I just came out of an "Agile" team where the sprints are 3-weeks long, and during this same time, about 12 hours of that time is spent on exercises such as Scrum grooming, reviewing, Scrum, and retrospective, and the team works to develop and test within the time left.
Of course, this is the typical Agile implementation you find in many small/medium sized companies. You hear talks of avoiding code smells etc. in many of these settings, but the fact is many Agile teams I have worked with rarely spend more than 1 hour thinking of the design for the story/tasks on their plate. My question is, to ensure you do not end up with spagetti code, how much of the sprint-time should be allocated to ensuring that each and every new feature, new tweak,patch, passes the "good design" test?
I came across this article on Martin Fowler's blog, Is Design Dead?. I do believe that is an excellent read however, real-world implementation of these methodologies (XP, Scrum and Agile included) tend to throw design out the window. My question is, is there really room for good design in today's 2-3 week sprint "Agile" implementation world?

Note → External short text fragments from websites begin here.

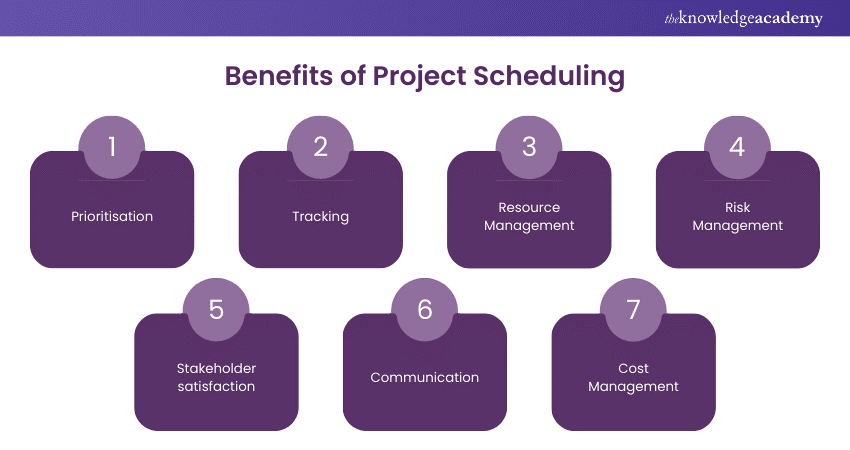 Benefits of Project Scheduling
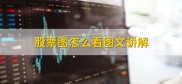 股票图怎么看？周K线、日K线、1分钟图及柱形图分析要点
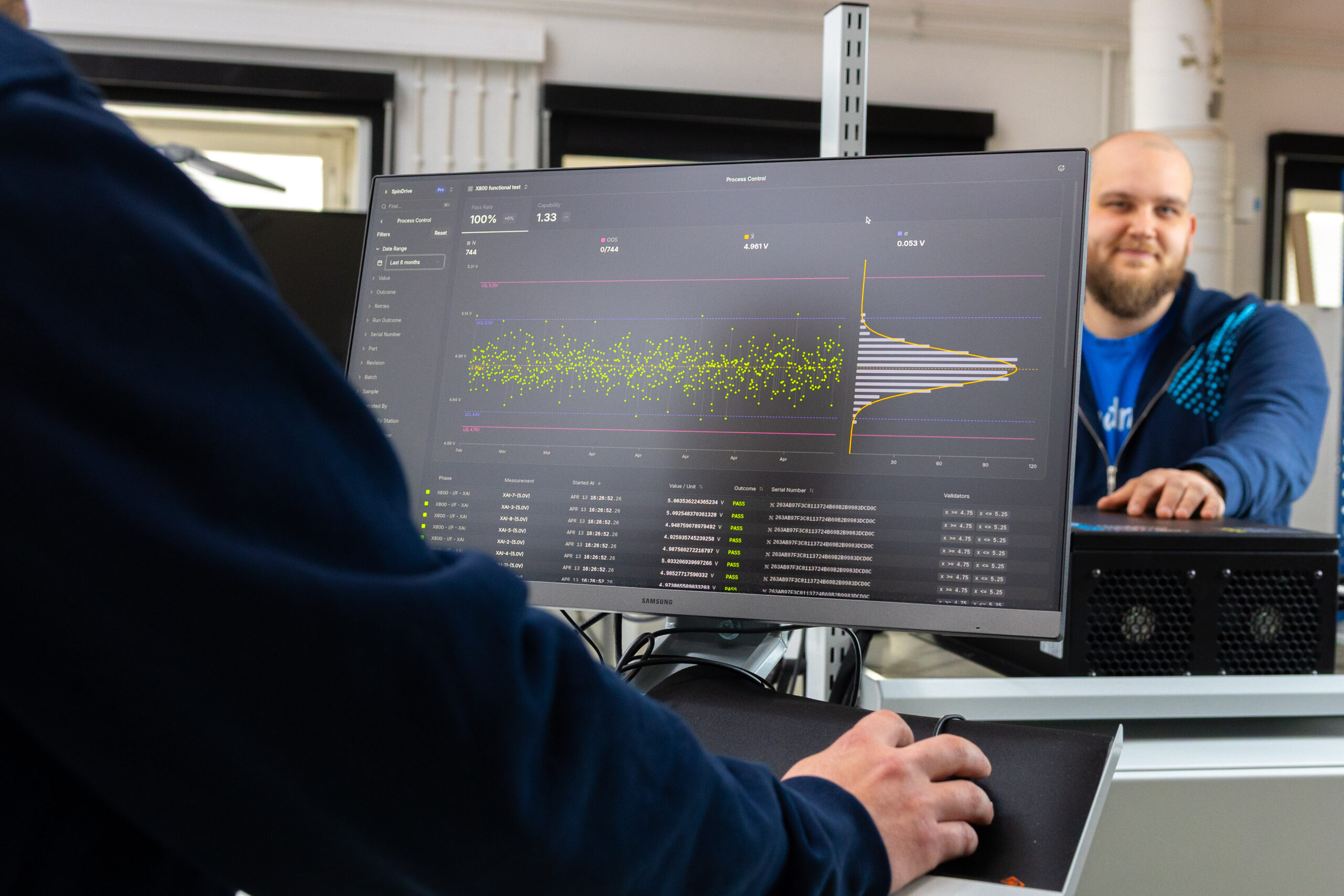 SpinDrive experts working together 2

Maybe I should re-state that nowhere have I suggested that the Martin Fowler article included above says there is no room for good design. That article actually argues otherwise. My question here is simply to understand where 'good design' fits into real world implementations of the various "agile" methodologies. In a typical agile team, you may find that some of the stories where created long before many of the team members were brought on board. When you have a team of ,say, 10 developers that pick up 30 tasks to work on for the next sprint, how do they ensure that each piece is correctly designed to integrate and scale with the rest of the application?